GERECHTSHOF 's-HERTOGENBOSCH

Afdeling civiel recht
Uitspraak: 5 maart 2015
Zaaknummer: F 200.151.688/01
Zaaknummer eerste aanleg: C/03/184732 / FA RK 13-2211
in de zaak in hoger beroep van:
[de moeder],
wonende te [woonplaats],
appellante,
hierna te noemen: de moeder,
advocaat: mr. S.C.H. Poelman,
tegen
[de man],
wonende te [woonplaats],
verweerder,
hierna te noemen: de man,
advocaat: mr. B.M.A. Jegers.
Als bijzondere curator in de zin van artikel 1:212 van het Burgerlijk Wetboek (BW) is in de procedure gekend:
[bijzondere curator], kantoorhoudende te [kantoorplaats].

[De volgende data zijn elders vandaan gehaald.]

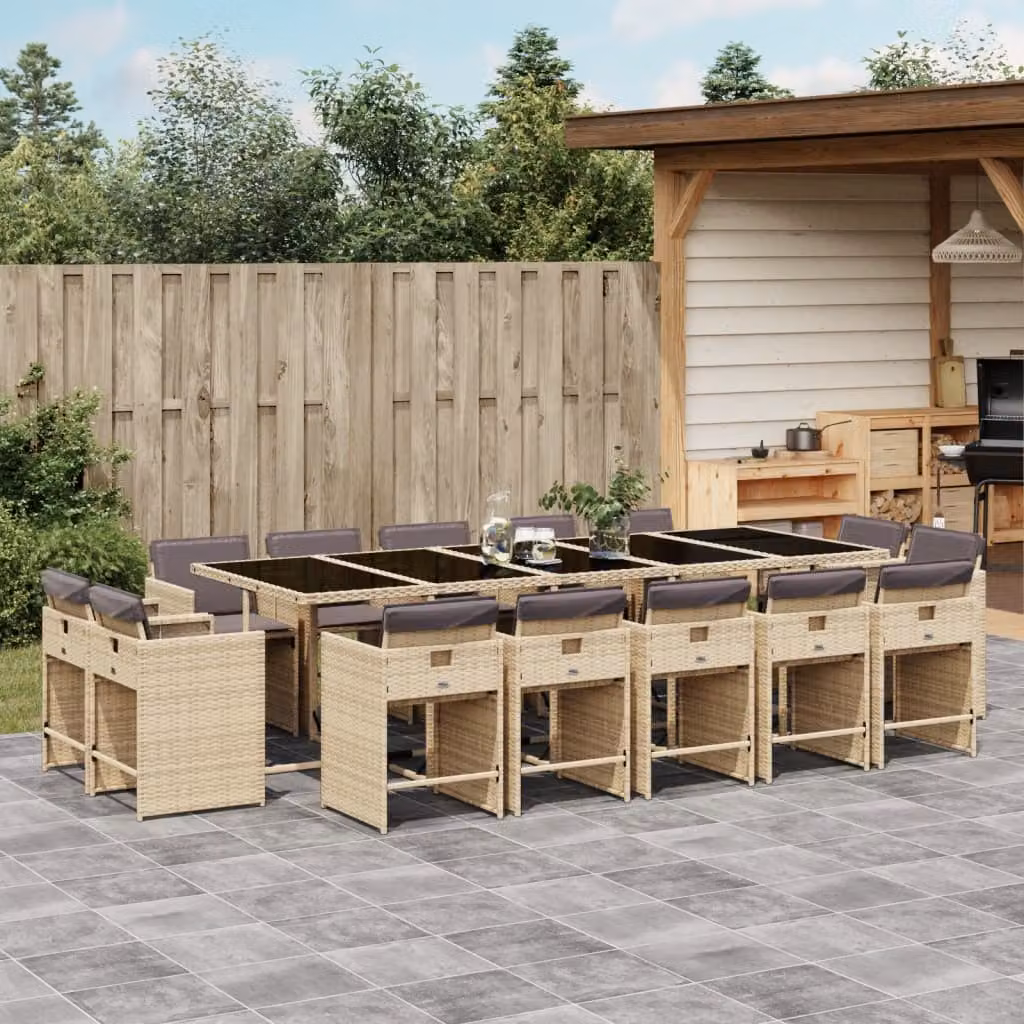 Set Pranzo da Giardino vidaXL in Polyrattan con Cuscini Beige, Nero e Grigio, 15 Pezzi – 1
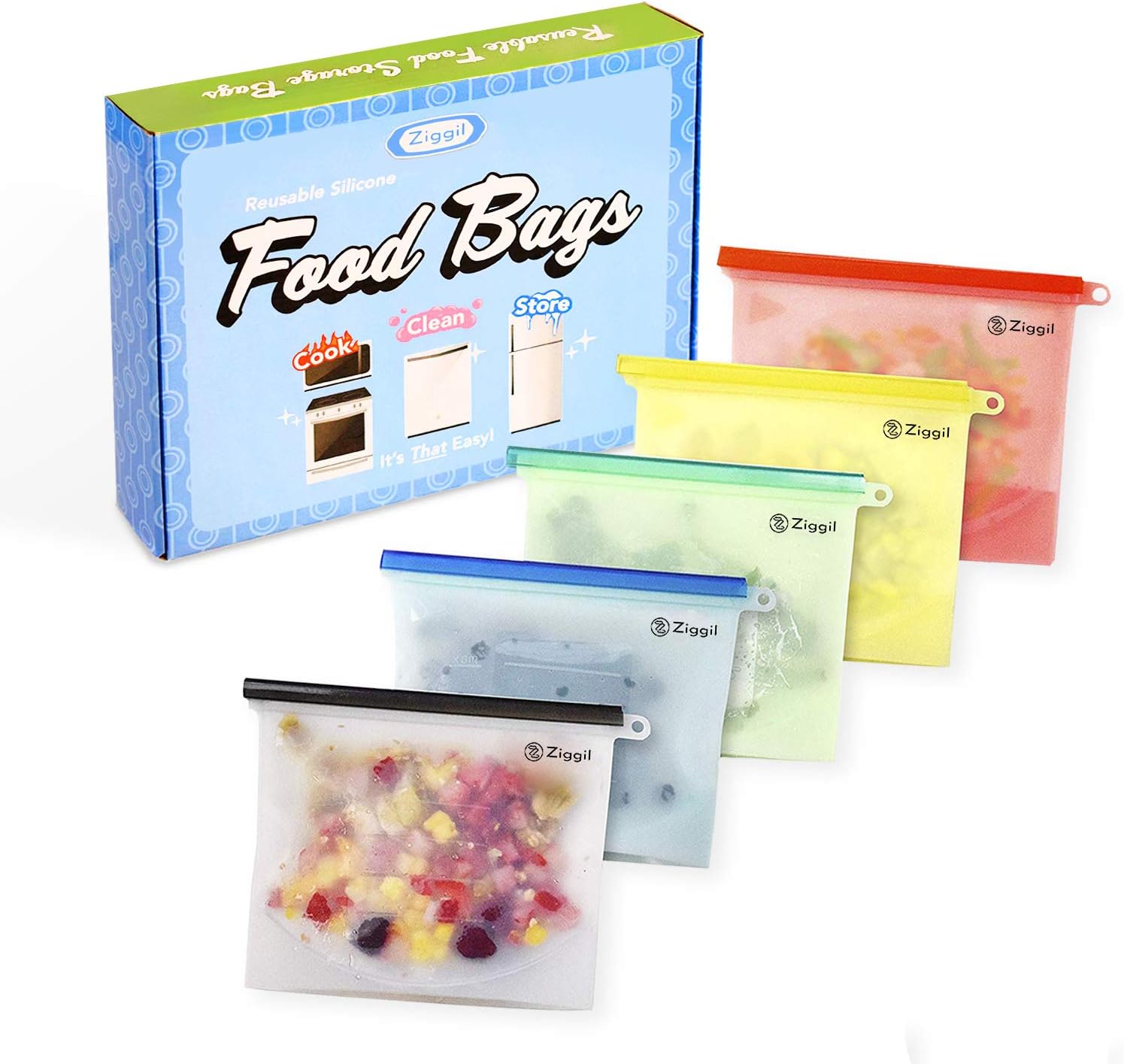 Reusable Silicone Food Storage Bag Set of 5 (30oz) - Versatile baggies for Sandwich Snack| Airtight Seal Leak Proof| Boil Cooking Sous Vide Steamer Reheat| Freezer Microwave Dishwasher Safe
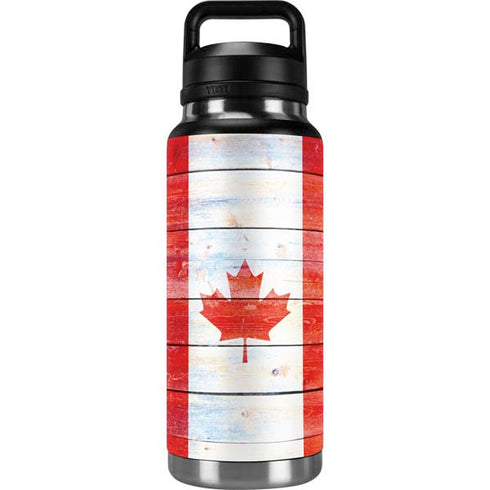 Canada Flag Light Wood YETI Rambler 36oz Bottle Skin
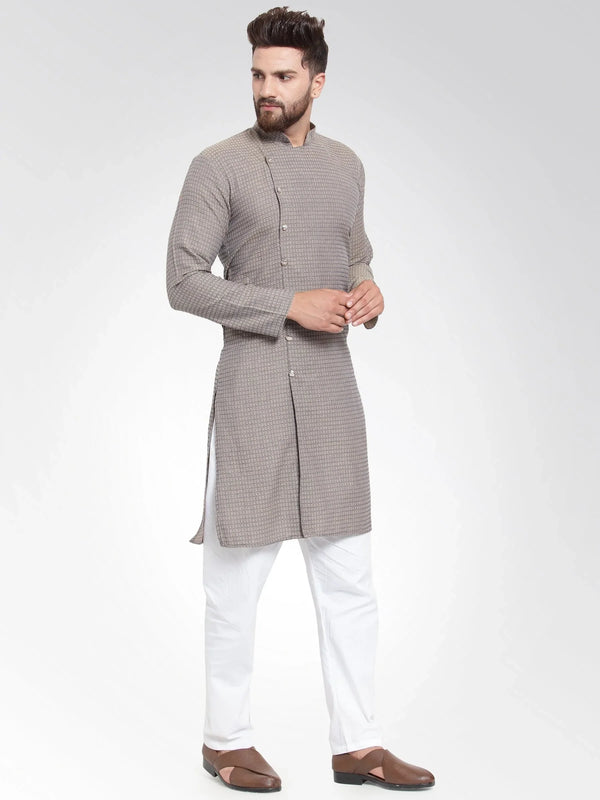 Jompers Men's Grey Self Design Kurta with Pajama - Distacart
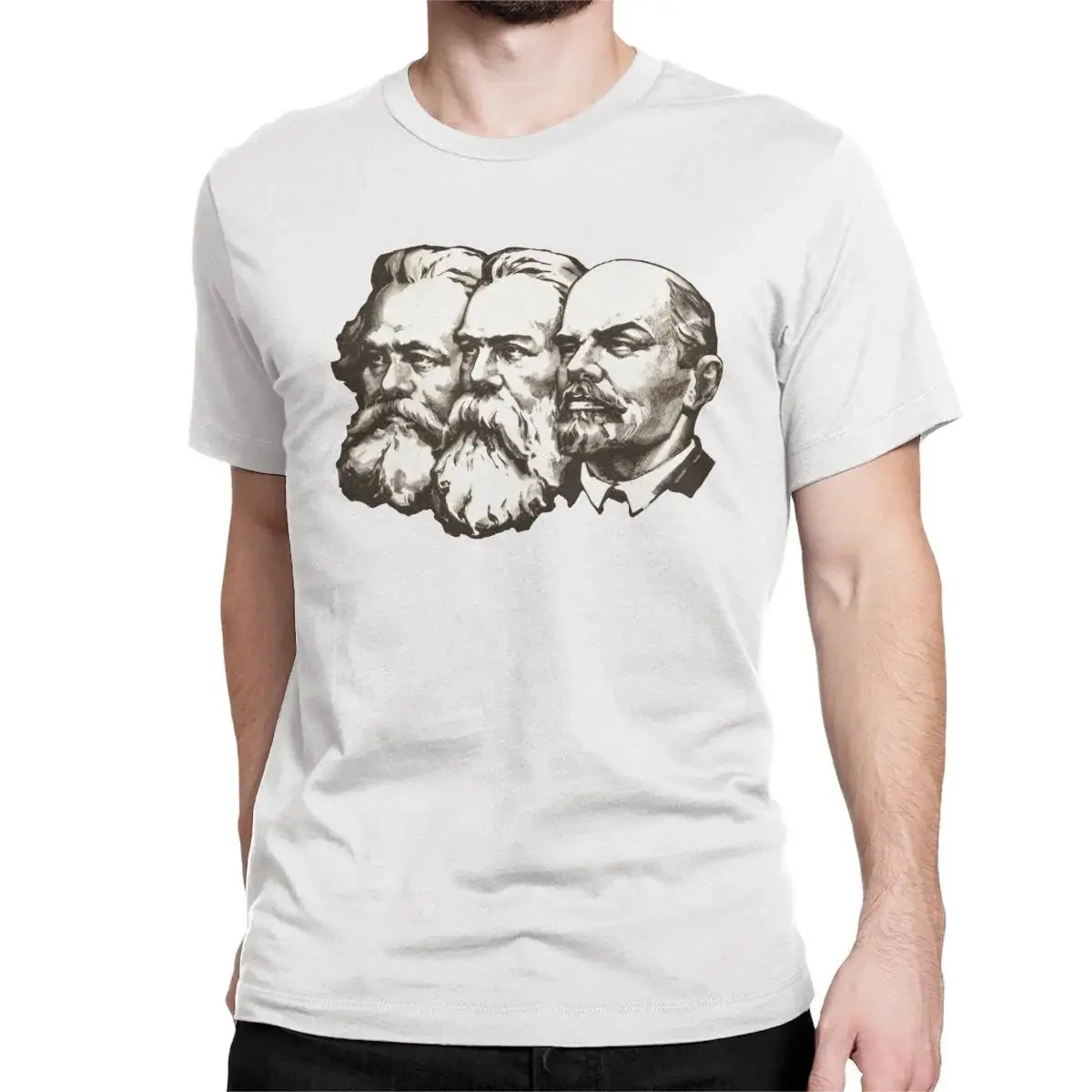 Men T-Shirt Marx Engels And Lenin The Soviet UnionTshirt Vintage Cotton Communist Communism Ussr Comrades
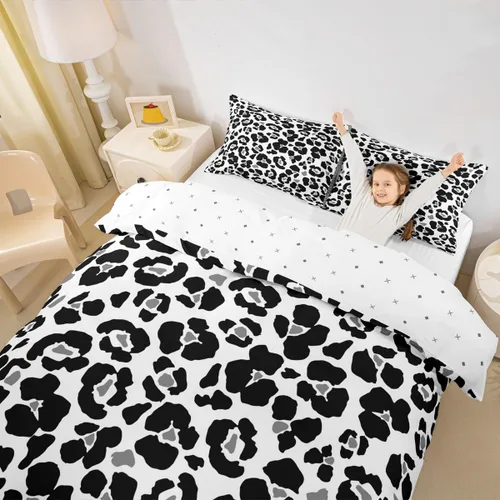 Miniatura 5 de Juego de funda de edredón con estampado de leopardo abstracto, tamaño individual, juegos de ropa de cama de piel de guepardo negro y gris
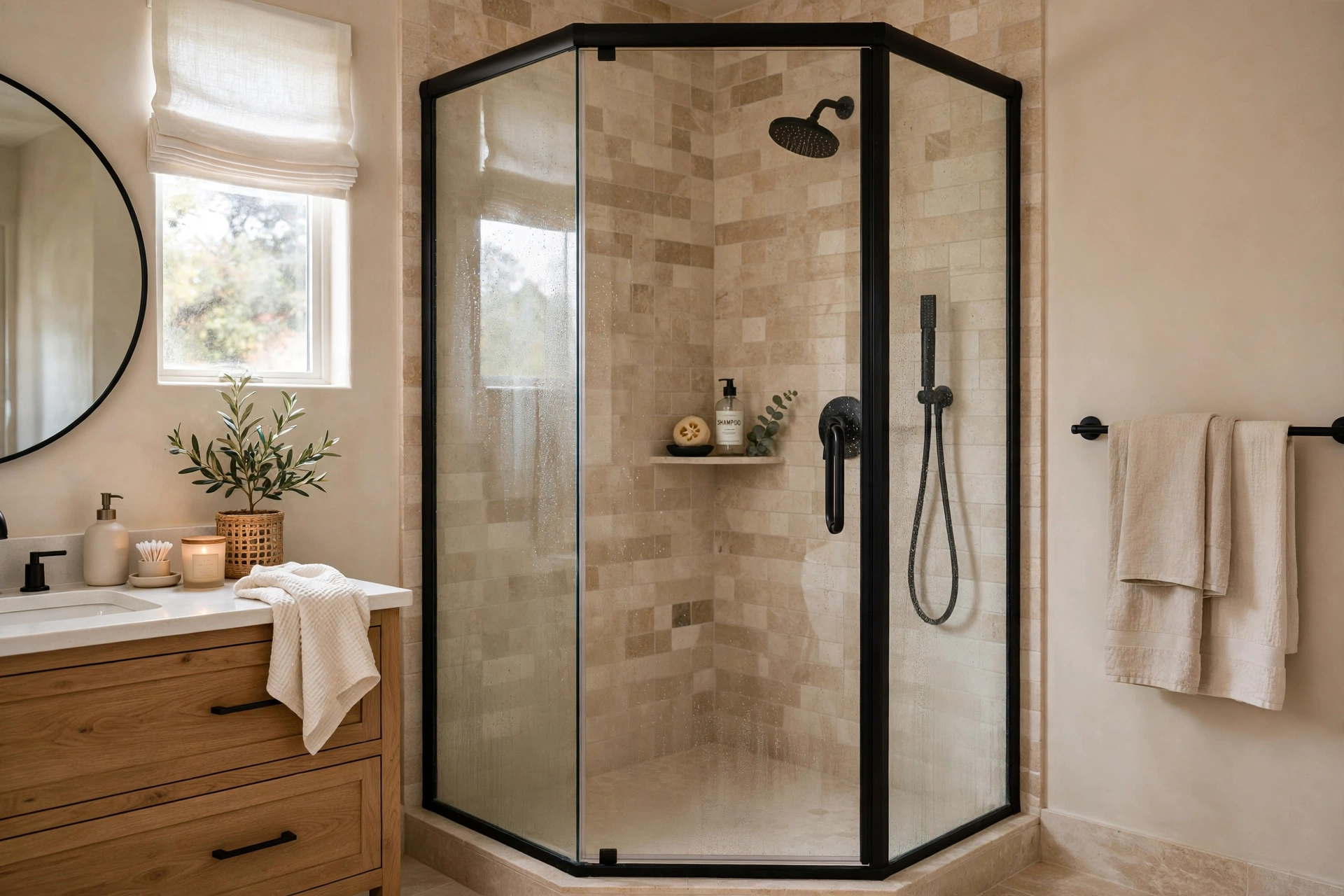 Neo angle corner shower door with angled front glass panels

1.Het geding in eerste aanleg

Het hof verwijst naar de beschikking van de rechtbank Limburg, zittingsplaats Maastricht, van 13 november 2013 en de bestreden beschikking van 19 mei 2014.

2.Het geding in hoger beroep

2.1.
Bij beroepschrift met producties, ingekomen ter griffie op 23 juni 2014, heeft de moeder verzocht de bestreden beschikking te vernietigen en, opnieuw rechtdoende, te bepalen dat het inleidende verzoek van de man tot het verlenen van vervangende toestemming tot erkenning wordt afgewezen.
2.2.
De man heeft geen verweerschrift bij het hof ingediend.
2.3.
Bij verweerschrift, ingekomen ter griffie op 10 juli 2014, heeft de bijzondere curator
verzocht om de beschikking waarvan beroep te bekrachtigen.
2.4.
De mondelinge behandeling heeft plaatsgevonden op 20 januari 2015. Bij die gelegenheid zijn gehoord:
  • de moeder, bijgestaan door mr. Poelman;
  • de Raad voor de Kinderbescherming (hierna te noemen: de raad), vertegenwoordigd door de heer [vertegenwoordiger raad];
- de bijzondere curator.
2.4.1.
De man en zijn advocaat zijn, hoewel behoorlijk opgeroepen, niet ter zitting verschenen.
2.5.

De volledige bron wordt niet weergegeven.